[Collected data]
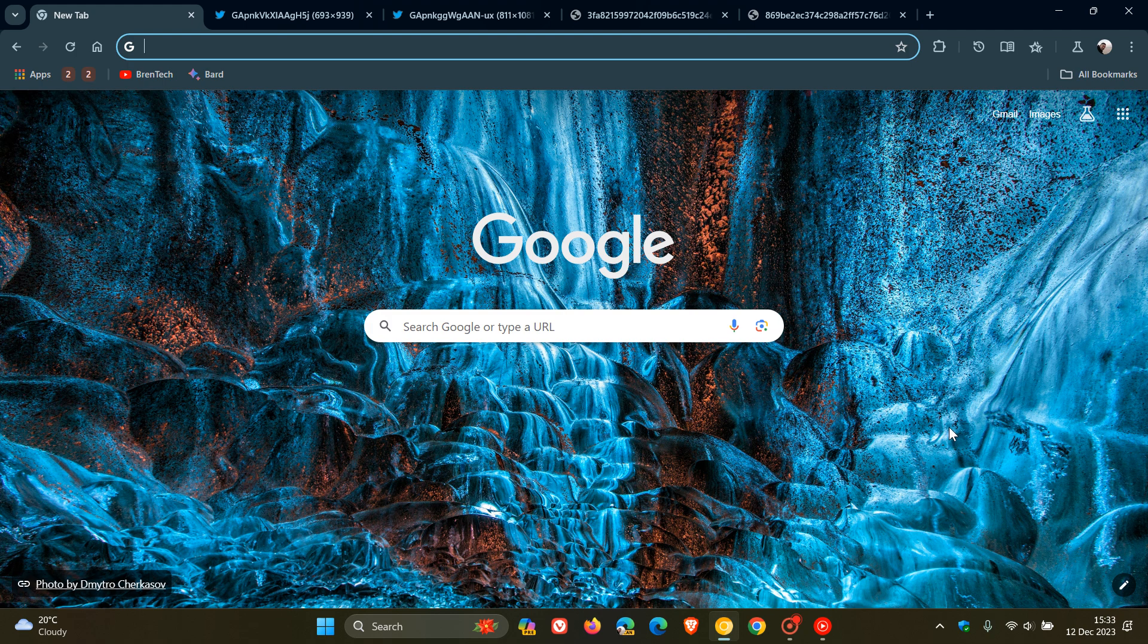Hi Brent Tech here where Tech is made simple. So on the channel we've been having a look at some of the new AI features that Google is introducing into Chrome.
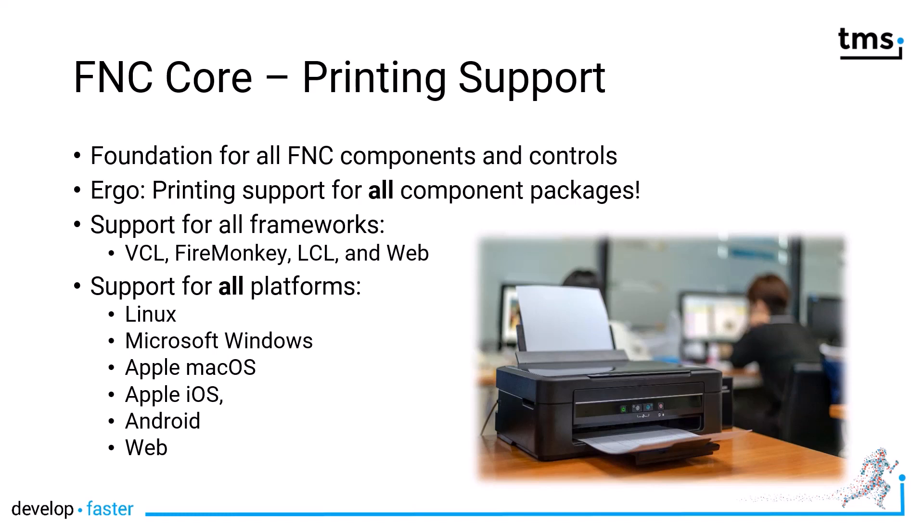Furthermore, support is enabled for all the platforms that each of these frameworks supports. That means for VCL you have printing support for Windows 32-bit and 64-bit, and with FireMonkey in addition you get support for Linux, Apple macOS, and the mobile platforms Apple iOS and Android.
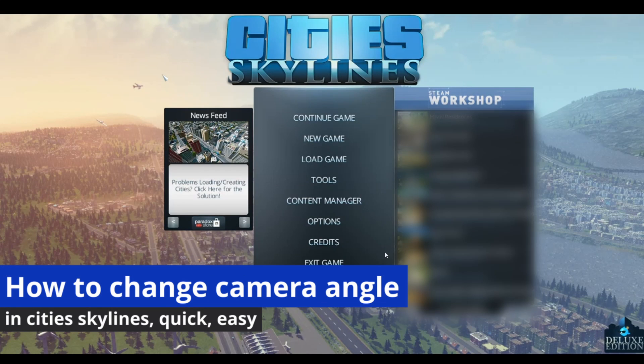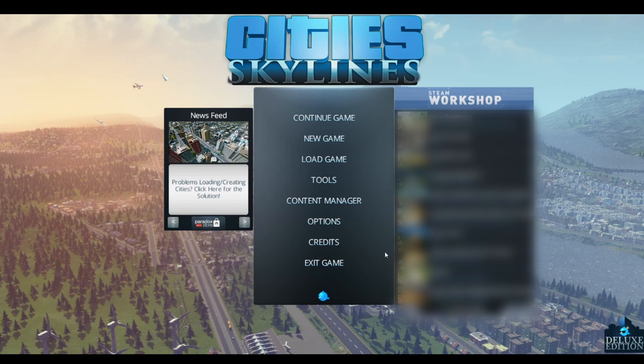In this video, I'm going to show you how to change camera angle in Cities Skylines. It's a very easy process, so make sure to follow my steps.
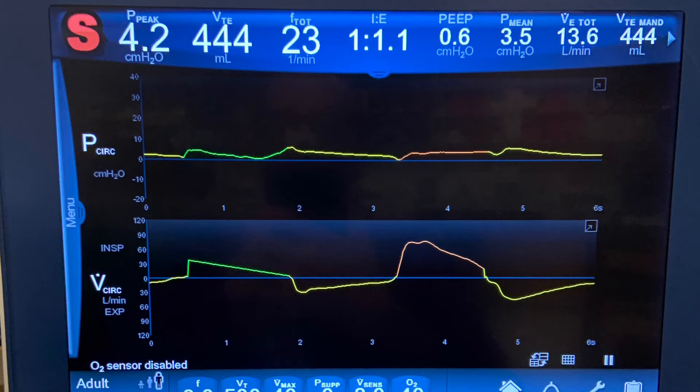What do you think my work of breathing is like on the mandatory breaths compared to the spontaneous breaths? And how are you arriving at that conclusion?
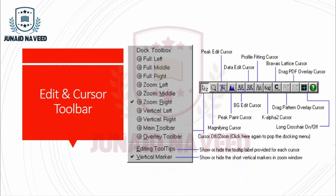Today is the fifth lecture of Module 1: Shared User Interface, and today we are discussing the Edit and Cursor Toolbar.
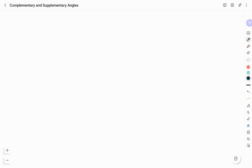Hello friends, welcome to Vivid Kemi YouTube channel. This is Vidyashree. In this video, we will discuss about complementary and supplementary angles and a few questions from the previous year's question paper of Karnataka TET examination. These types of questions can be asked in other competitive examinations too.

**Task objective:** The required output is every line from the one containing "In this video, I'm" through the last line of the records, inclusive, reproduced exactly and without pictures.

**Reply:**
In this video, I'm going to show you how to change camera angle in Cities Skylines. It's a very easy process, so make sure to follow my steps.
What do you think my work of breathing is like on the mandatory breaths compared to the spontaneous breaths? And how are you arriving at that conclusion?
Today is the fifth lecture of Module 1: Shared User Interface, and today we are discussing the Edit and Cursor Toolbar.
Hello friends, welcome to Vivid Kemi YouTube channel. This is Vidyashree. In this video, we will discuss about complementary and supplementary angles and a few questions from the previous year's question paper of Karnataka TET examination. These types of questions can be asked in other competitive examinations too.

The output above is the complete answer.